Given the absence of roads, there are only three ways to explore the Grand Canyon below the rims: hiking, mule trips, and river flat trips.

Around 40,000 people a year backpack into the canyon for overnight stays that can vary from one night to several weeks. Far more people are day hikers who venture a short distance down one of three main trails for a taste of what it’s like to stare up at the imposing canyon walls.

Whether on a multi-day trek or an hour-long hike, walkers should always check out trail and weather conditions before plunging down the path. The most timely and accurate information is available from the national park visitor centers or the Backcountry Information Center on the South Rim.

Bright Angel Trail from the South Rim is the safest and best maintained route into the canyon and includes shade structures, emergency phones, toilets, and taps for refilling water bottles. With a trailhead just west of the South Rim Village, the Bright Angel dives quickly downward via a series of switchbacks to Indian Garden (4.8 miles/7.7 km) and a suspension bridge over the Colorado River to Bright Angel Campground (9.5 miles/15.3 km) and nearby Phantom Ranch. The route more or less follows a path that Native Americans and 19th-century prospectors took into the canyon.

Although more primitive, the South Kaibab Trail is a slightly shorter path and offers better day-hike options. The total distance from trailhead to the river is 6.7 miles (10.78 km). But several stops along the way offer spectacular views for those who don’t want to trek the entire way to the canyon floor, including Ooa-Aah Point (1.8-mile/2.9-km round trip), Cedar Ridge (3-mile/4.8-km return) and Skeleton Point (6-mile/9.6-km return).

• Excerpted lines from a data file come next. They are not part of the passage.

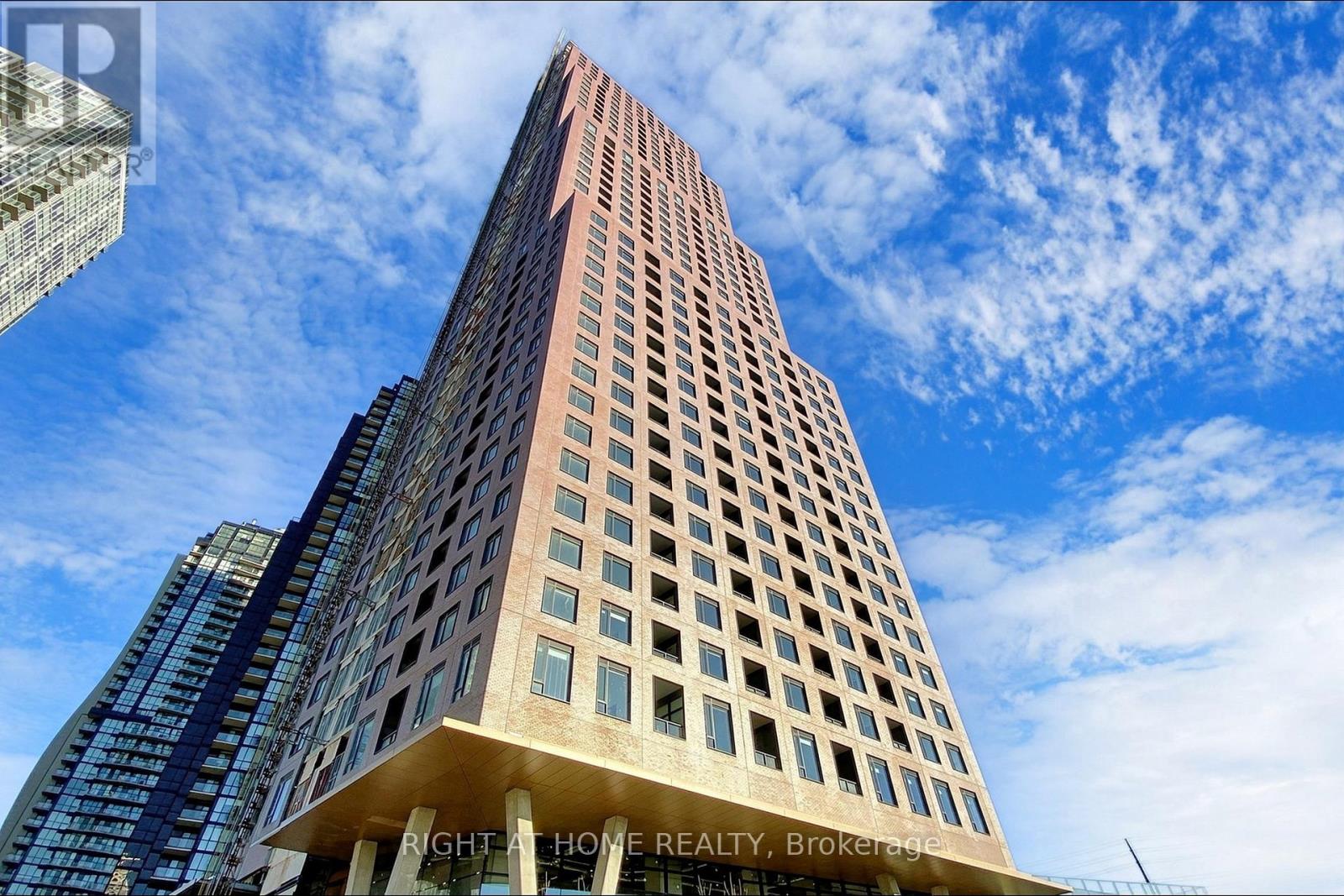 3206 - 2920 Highway 7 Road E, Vaughan, Ontario  L4K 0P4 - Photo 4 - N13168630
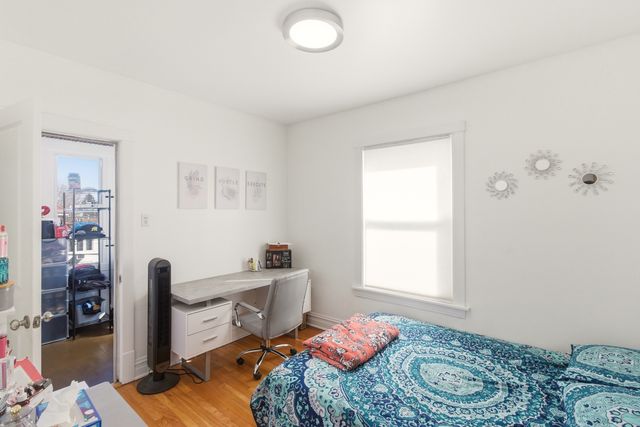 4462 W Wilson Avenue, Chicago, IL 60630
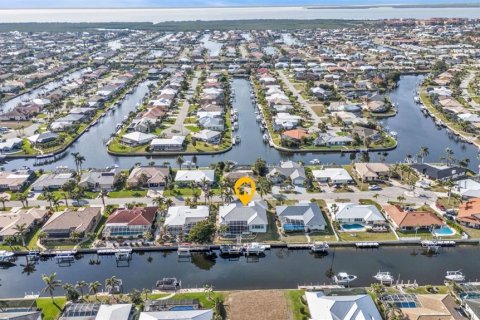 Casa en venta en Punta Gorda, Florida, 3 dormitorios, 228.45 m2 № 1524038 - foto 4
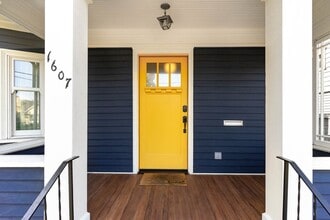 1607 6th Ave W in Seattle, WA - Building Photo - Building Photo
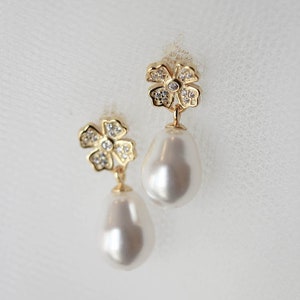 JULIETTE Floral bridal earrings, pearl wedding earrings, bridal earrings, pearl drop earrings image 8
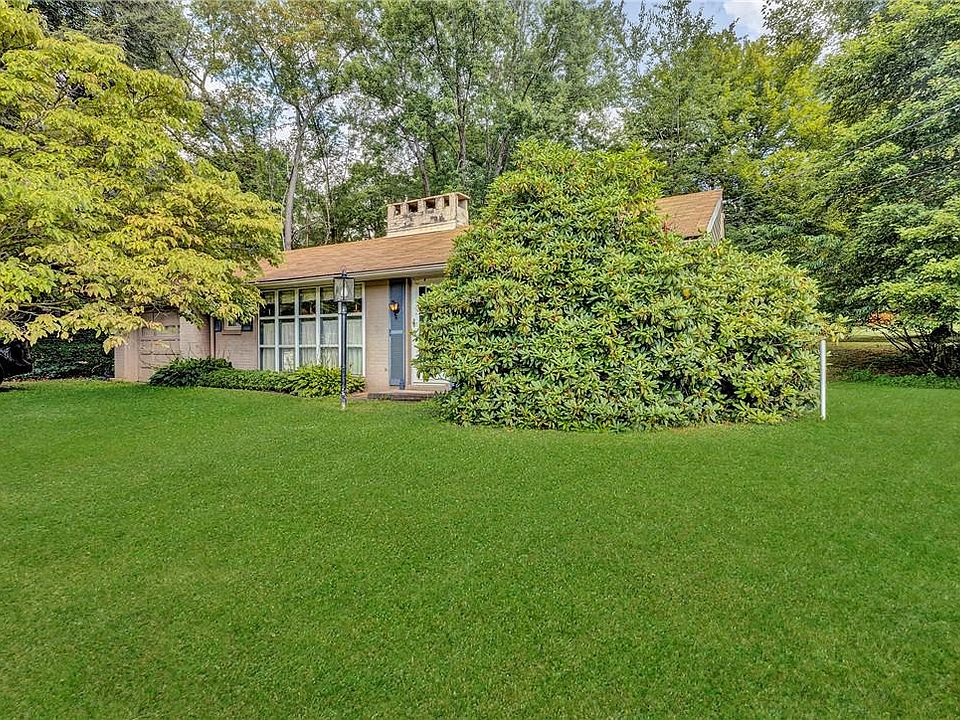 1st image of 137 McLanahan Dr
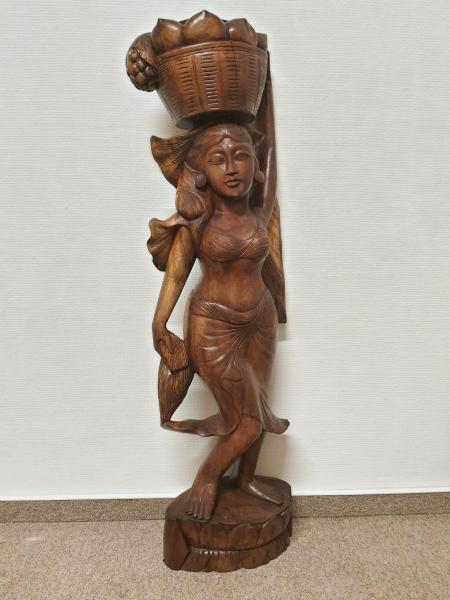 Holz-Figur, (101,5cm) Markthändlerin  - Bali - Mitte 20. Jahrhundert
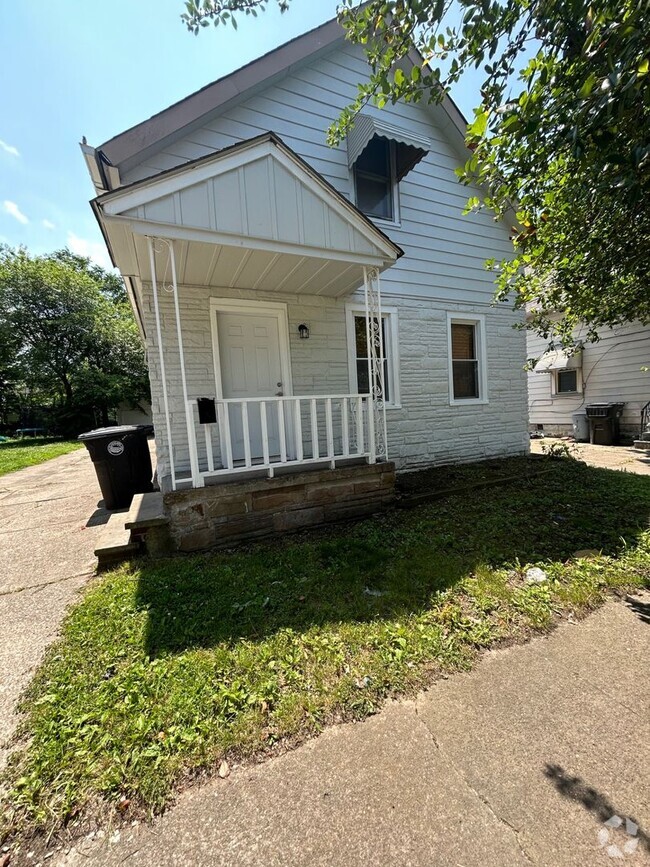 Building Photo - Charming 3-Bedroom Property in Prime Location Rental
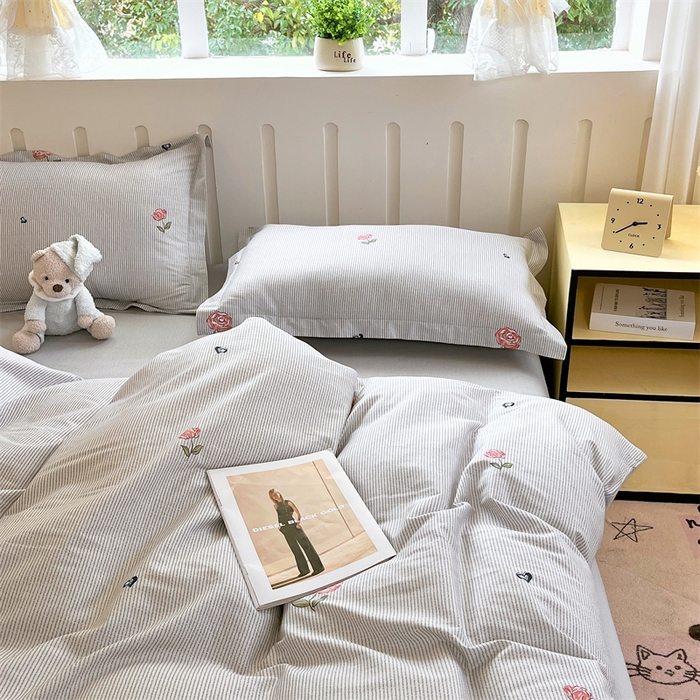 91家纺网 家纺一手货源 找家纺 大吉 2025新款100全棉纯棉喷气小清新被套四件套纯棉三件套床笠四件套单被套单枕套 法南玫瑰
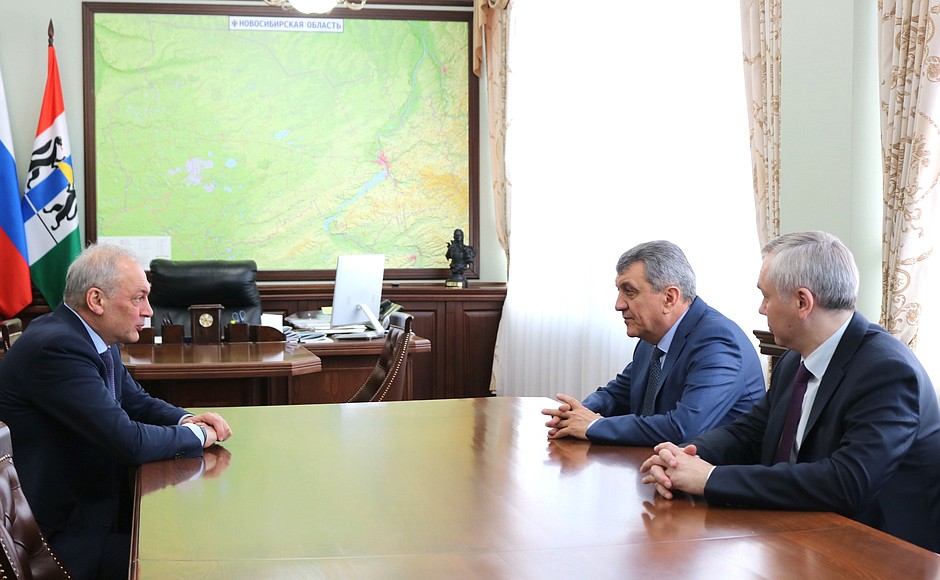Magomedsalam Magomedov held a working meeting with Presidential Plenipotentiary Envoy to the Siberian Federal District Sergei Menyailo and Novosibirsk Region Governor Andrei Travnikov.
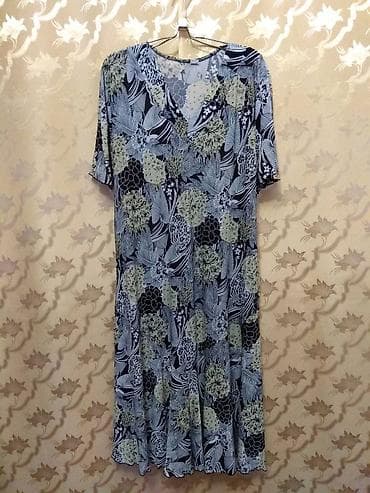 Платья: Продаю летнюю, женскую одежду всё б/у в хорошем состоянии: 1. Платье — 6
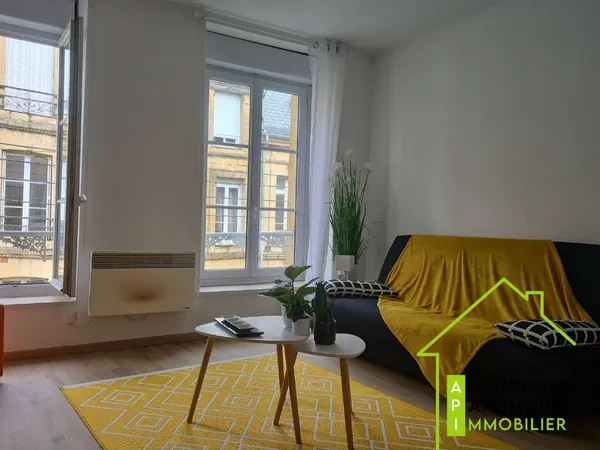 Studio 1 pièce 26 m² 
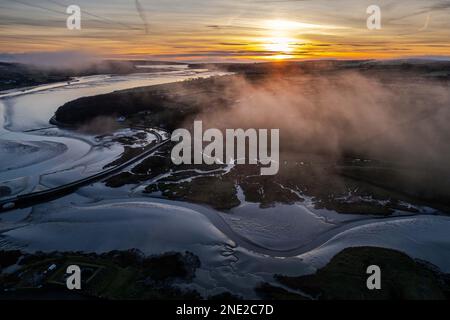 Timoleague, West Cork, Irlanda. 16th Feb, 2023. Il sole sorge su Timoleague, West Cork, questa mattina, mentre la nebbia permane sull'estuario di Timoleague. Foto: Andy Gibson. Credit: AG News/Alamy Live News Foto Stock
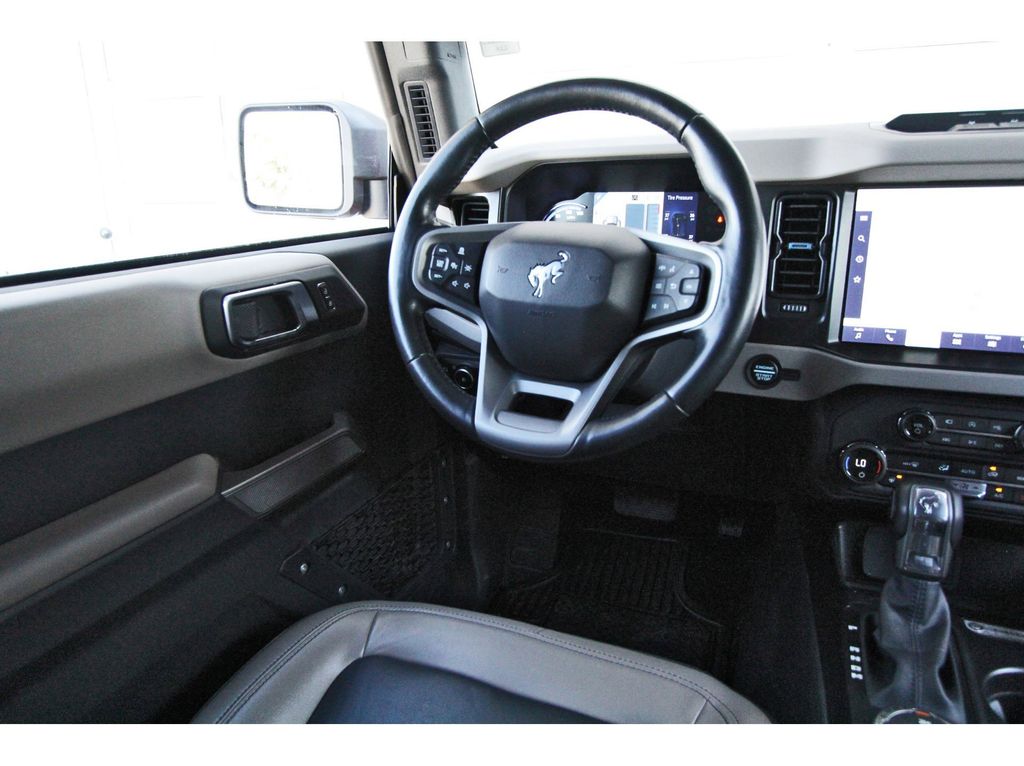 2023 Ford Bronco Wildtrak - 7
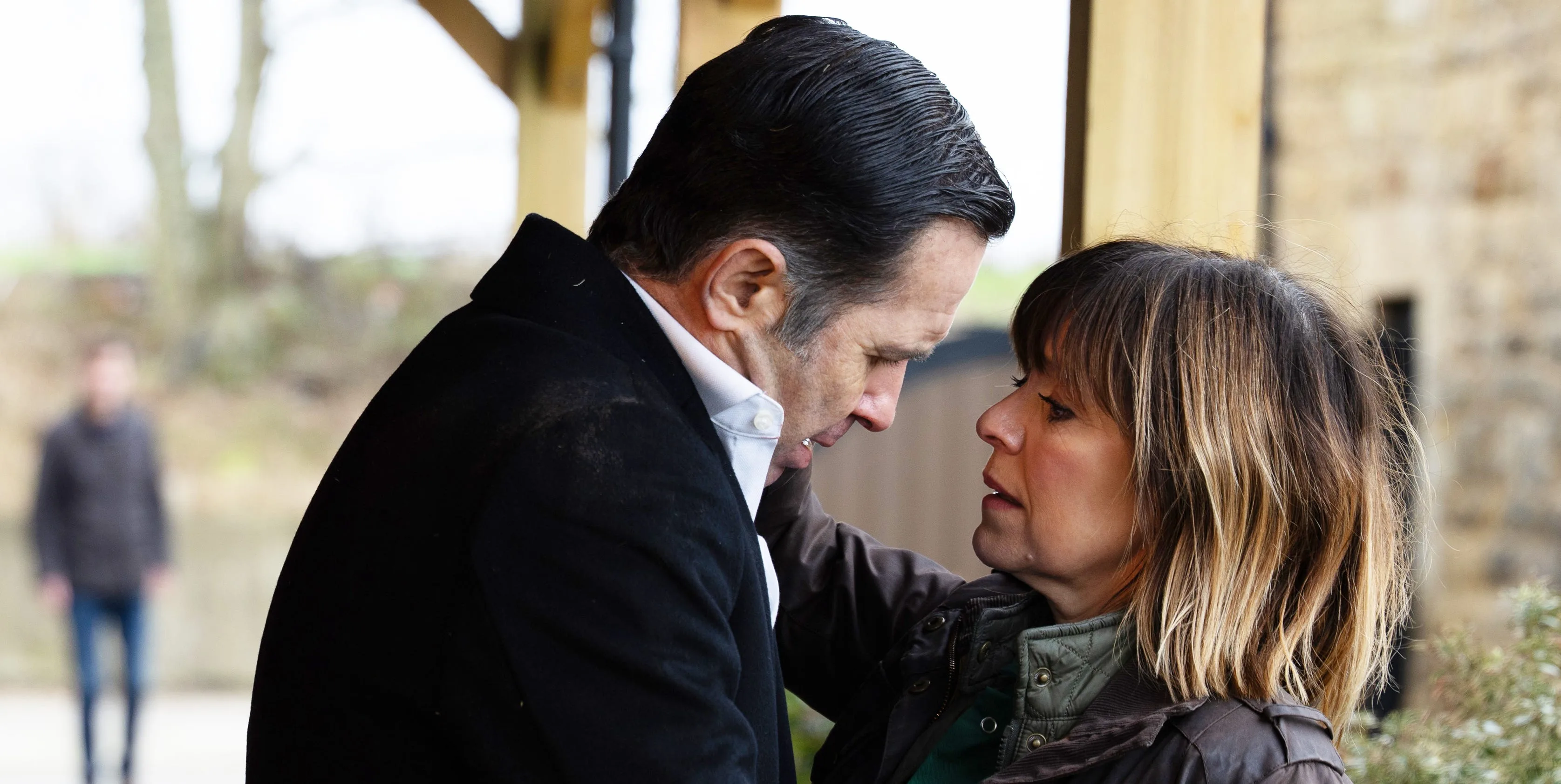 Emmerdale: Rhona Forced to Choose Between Marlon and Graham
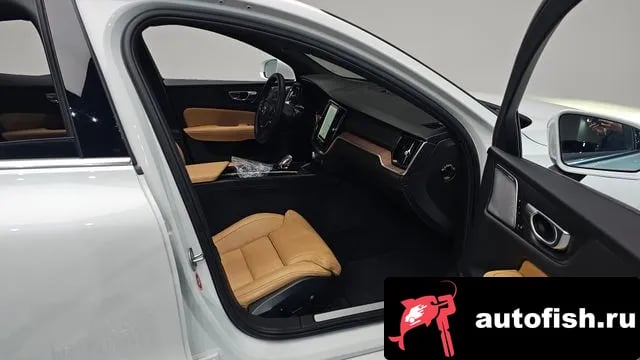 Volvo S60 S60 3rd generation 2023 года - похожие автомобили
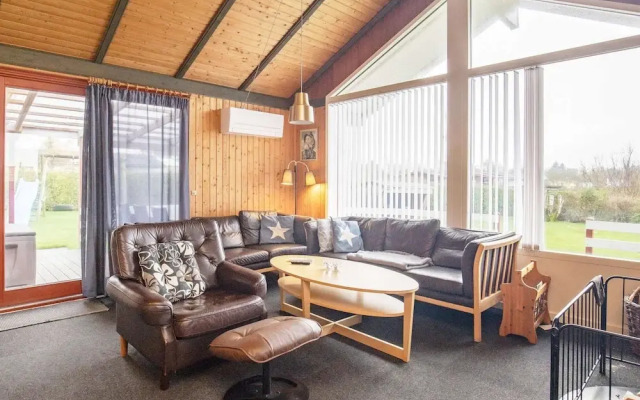Fabulous Holiday Home in Vinderup near Sea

The only path into the canyon from the opposite rim is the North Kaibab Trail, a 14-mile (22.5-km) hoof down to Phantom Ranch and the river. Several trails wind through the canyon, including the rugged, multi-day Tonto Trail, which wanders 70 miles (112.65 km) from east to west below the South Rim.

Mule trips into the canyon are offered from both rims. The South Rim features day trips and multi-day pack trips with stops at Phantom Ranch; the North Rim offers only rides.

Sixteen companies own concessions from the Park Service to run float trips down the Colorado River between Lees Ferry and Diamond Creek. Four types of craft are used: paddled rafts, oared rafts, motorized rafts, and wooden dories that recall Powell’s landmark 1869 journey down the river. Trips range from three to 18 days and include riverside camping throughout. A full list of river rafts is posted at nps.gov/grca/planyourvisit/river-concessioners.htm.